== ABOUT THIS TASK ==
Which lines of the entries below run from the one holding "Botines de plataforma" to the one holding "Image 1 of Early", inclusive? Set down exactly those lines and no others.

== DATA RECORDS ==
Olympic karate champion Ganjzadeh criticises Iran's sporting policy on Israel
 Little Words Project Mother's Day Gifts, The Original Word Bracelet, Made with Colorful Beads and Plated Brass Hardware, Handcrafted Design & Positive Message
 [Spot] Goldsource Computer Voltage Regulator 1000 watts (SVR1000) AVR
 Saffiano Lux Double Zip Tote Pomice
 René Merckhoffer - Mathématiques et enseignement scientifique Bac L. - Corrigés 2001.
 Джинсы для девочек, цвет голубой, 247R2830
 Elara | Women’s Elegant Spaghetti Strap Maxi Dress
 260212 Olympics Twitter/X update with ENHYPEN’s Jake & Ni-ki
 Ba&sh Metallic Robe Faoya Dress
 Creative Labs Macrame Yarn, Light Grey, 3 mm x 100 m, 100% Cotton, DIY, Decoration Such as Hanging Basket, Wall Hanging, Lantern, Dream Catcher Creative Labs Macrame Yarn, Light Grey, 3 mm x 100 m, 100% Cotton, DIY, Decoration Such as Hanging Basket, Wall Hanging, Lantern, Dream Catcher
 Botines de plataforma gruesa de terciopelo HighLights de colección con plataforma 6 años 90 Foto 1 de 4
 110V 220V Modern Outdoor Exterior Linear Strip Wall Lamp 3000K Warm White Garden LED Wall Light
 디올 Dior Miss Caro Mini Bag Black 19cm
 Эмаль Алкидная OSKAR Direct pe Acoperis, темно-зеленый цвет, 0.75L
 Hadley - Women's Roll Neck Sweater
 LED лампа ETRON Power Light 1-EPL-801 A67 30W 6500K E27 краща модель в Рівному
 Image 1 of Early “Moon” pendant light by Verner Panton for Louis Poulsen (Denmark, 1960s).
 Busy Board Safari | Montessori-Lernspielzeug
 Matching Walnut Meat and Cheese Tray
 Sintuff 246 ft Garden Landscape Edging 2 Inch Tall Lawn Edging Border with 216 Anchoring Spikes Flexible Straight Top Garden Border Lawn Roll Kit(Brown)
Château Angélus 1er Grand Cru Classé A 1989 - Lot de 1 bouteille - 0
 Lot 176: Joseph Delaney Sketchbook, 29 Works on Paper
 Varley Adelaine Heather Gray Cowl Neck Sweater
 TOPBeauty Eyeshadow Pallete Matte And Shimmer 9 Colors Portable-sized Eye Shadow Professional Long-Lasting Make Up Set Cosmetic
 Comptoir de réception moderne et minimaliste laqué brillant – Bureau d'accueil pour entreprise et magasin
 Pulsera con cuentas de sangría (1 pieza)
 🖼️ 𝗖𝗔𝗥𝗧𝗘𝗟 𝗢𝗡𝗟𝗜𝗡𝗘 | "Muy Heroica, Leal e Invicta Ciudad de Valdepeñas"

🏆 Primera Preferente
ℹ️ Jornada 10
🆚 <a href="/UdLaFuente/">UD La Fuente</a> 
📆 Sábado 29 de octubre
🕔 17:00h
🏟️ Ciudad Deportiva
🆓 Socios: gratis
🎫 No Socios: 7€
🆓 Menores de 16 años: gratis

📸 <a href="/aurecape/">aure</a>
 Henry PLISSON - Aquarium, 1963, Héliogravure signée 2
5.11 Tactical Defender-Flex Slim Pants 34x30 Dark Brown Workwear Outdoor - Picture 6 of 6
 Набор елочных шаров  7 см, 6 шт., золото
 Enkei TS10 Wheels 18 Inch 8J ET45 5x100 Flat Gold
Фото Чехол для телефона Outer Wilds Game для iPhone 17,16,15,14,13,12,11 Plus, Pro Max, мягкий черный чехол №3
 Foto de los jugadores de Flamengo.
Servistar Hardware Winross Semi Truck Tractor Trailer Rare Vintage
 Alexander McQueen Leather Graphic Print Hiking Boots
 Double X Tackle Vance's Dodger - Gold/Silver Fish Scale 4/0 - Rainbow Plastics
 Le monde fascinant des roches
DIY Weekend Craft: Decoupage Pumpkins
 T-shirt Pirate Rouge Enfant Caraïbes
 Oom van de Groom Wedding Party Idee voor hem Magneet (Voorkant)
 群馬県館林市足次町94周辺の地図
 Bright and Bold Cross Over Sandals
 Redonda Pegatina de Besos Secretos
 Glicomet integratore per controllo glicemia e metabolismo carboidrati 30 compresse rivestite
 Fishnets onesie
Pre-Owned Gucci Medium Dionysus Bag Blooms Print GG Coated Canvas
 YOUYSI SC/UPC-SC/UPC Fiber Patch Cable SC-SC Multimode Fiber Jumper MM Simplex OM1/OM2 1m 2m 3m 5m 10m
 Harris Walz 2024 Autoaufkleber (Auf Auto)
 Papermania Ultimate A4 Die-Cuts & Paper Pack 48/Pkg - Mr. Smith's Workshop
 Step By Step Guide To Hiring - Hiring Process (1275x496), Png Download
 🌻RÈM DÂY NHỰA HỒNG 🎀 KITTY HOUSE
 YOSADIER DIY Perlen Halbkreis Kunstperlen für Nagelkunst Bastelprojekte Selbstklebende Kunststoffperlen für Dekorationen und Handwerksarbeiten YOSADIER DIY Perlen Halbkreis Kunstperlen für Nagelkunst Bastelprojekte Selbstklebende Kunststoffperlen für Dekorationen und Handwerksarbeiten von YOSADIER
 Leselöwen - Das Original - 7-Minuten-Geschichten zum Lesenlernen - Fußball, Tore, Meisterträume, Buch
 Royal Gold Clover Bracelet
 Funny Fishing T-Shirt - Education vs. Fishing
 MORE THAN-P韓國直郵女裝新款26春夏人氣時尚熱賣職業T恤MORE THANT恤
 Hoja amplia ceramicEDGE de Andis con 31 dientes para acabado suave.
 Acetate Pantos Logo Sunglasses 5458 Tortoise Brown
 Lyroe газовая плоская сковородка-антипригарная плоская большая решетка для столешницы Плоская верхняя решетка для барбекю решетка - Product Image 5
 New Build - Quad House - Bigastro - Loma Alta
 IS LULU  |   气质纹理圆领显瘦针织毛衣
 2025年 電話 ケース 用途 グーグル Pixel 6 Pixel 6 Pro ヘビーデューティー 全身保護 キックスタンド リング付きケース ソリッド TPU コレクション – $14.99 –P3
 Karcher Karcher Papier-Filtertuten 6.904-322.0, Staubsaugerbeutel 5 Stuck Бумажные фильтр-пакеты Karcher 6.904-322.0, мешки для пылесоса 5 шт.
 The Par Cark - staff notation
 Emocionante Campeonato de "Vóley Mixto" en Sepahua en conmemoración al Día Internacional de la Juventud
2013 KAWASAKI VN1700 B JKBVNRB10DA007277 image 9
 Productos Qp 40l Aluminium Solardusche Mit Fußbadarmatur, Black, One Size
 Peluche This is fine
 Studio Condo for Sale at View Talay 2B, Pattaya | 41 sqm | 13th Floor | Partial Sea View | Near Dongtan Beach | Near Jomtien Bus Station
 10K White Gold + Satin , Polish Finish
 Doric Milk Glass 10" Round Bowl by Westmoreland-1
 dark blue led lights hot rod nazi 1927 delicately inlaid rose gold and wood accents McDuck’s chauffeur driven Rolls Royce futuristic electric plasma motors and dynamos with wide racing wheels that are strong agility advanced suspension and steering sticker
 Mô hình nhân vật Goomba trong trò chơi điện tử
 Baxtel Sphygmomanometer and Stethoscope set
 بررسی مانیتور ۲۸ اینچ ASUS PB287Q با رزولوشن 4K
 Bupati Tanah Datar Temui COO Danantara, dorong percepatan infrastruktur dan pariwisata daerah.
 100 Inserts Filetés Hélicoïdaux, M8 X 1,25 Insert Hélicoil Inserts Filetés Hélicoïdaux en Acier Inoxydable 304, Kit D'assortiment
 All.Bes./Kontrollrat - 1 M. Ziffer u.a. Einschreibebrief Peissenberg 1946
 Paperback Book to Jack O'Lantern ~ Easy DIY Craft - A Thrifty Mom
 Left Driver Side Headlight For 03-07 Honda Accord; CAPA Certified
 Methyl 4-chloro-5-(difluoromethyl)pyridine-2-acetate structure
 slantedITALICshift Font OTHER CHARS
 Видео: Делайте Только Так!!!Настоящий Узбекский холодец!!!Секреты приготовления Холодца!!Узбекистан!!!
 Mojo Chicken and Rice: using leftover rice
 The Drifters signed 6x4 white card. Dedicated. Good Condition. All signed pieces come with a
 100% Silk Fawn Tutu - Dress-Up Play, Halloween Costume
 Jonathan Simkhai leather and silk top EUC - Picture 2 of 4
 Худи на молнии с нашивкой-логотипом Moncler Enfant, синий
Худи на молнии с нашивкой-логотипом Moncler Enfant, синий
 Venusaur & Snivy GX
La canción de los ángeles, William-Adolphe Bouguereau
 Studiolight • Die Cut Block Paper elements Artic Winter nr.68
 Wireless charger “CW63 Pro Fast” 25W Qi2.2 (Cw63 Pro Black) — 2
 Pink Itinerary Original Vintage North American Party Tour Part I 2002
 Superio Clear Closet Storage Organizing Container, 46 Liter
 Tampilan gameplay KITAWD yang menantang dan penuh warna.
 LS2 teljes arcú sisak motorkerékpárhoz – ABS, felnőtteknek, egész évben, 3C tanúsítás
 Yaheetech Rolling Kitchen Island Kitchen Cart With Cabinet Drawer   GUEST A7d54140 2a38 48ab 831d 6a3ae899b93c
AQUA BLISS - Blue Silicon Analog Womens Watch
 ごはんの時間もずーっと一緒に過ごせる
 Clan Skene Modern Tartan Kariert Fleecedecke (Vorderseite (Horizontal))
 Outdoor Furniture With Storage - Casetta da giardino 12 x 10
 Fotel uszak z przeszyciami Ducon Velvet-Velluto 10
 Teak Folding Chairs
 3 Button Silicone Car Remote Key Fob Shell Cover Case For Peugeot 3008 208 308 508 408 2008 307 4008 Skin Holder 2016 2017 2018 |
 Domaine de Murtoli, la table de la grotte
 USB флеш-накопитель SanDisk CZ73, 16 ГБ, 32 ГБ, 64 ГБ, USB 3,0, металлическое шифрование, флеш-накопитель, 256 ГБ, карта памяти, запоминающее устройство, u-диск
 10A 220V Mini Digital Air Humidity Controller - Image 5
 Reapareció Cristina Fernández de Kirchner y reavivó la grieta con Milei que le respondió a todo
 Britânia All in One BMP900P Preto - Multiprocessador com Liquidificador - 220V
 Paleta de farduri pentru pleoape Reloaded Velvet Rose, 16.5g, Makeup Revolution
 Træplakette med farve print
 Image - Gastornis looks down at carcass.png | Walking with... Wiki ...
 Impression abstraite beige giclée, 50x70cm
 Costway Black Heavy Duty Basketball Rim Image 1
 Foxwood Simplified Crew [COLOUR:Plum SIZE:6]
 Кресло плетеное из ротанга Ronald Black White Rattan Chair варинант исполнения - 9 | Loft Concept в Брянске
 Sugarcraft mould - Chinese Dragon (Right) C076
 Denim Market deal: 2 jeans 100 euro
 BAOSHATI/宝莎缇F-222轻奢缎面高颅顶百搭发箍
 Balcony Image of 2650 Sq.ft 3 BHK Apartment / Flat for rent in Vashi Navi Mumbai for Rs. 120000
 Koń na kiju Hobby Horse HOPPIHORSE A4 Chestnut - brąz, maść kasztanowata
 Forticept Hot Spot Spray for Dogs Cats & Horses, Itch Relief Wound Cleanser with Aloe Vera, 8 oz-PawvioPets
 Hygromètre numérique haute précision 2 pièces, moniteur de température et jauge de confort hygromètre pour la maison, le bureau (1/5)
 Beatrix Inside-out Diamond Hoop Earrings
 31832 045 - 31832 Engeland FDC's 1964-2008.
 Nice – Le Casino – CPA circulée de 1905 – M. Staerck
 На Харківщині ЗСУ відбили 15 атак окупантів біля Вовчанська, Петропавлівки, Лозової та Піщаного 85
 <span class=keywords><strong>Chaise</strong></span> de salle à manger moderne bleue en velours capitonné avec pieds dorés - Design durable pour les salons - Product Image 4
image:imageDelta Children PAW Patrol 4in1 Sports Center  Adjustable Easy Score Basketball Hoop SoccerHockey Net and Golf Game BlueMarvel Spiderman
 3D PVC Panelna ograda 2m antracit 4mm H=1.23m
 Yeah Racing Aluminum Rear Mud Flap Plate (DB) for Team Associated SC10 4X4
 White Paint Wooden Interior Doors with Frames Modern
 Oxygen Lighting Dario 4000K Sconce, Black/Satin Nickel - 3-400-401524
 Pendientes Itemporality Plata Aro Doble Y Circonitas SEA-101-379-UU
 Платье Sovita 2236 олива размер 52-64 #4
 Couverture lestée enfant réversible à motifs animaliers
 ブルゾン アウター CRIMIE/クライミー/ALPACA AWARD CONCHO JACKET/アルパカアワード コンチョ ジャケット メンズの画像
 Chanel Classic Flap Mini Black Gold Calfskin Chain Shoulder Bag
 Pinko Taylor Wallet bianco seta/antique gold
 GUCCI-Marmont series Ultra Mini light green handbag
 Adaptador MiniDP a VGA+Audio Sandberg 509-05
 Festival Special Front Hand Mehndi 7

== SOLUTION TO THE EXERCISE ==
 Botines de plataforma gruesa de terciopelo HighLights de colección con plataforma 6 años 90 Foto 1 de 4
 110V 220V Modern Outdoor Exterior Linear Strip Wall Lamp 3000K Warm White Garden LED Wall Light
 디올 Dior Miss Caro Mini Bag Black 19cm
 Эмаль Алкидная OSKAR Direct pe Acoperis, темно-зеленый цвет, 0.75L
 Hadley - Women's Roll Neck Sweater
 LED лампа ETRON Power Light 1-EPL-801 A67 30W 6500K E27 краща модель в Рівному
 Image 1 of Early “Moon” pendant light by Verner Panton for Louis Poulsen (Denmark, 1960s).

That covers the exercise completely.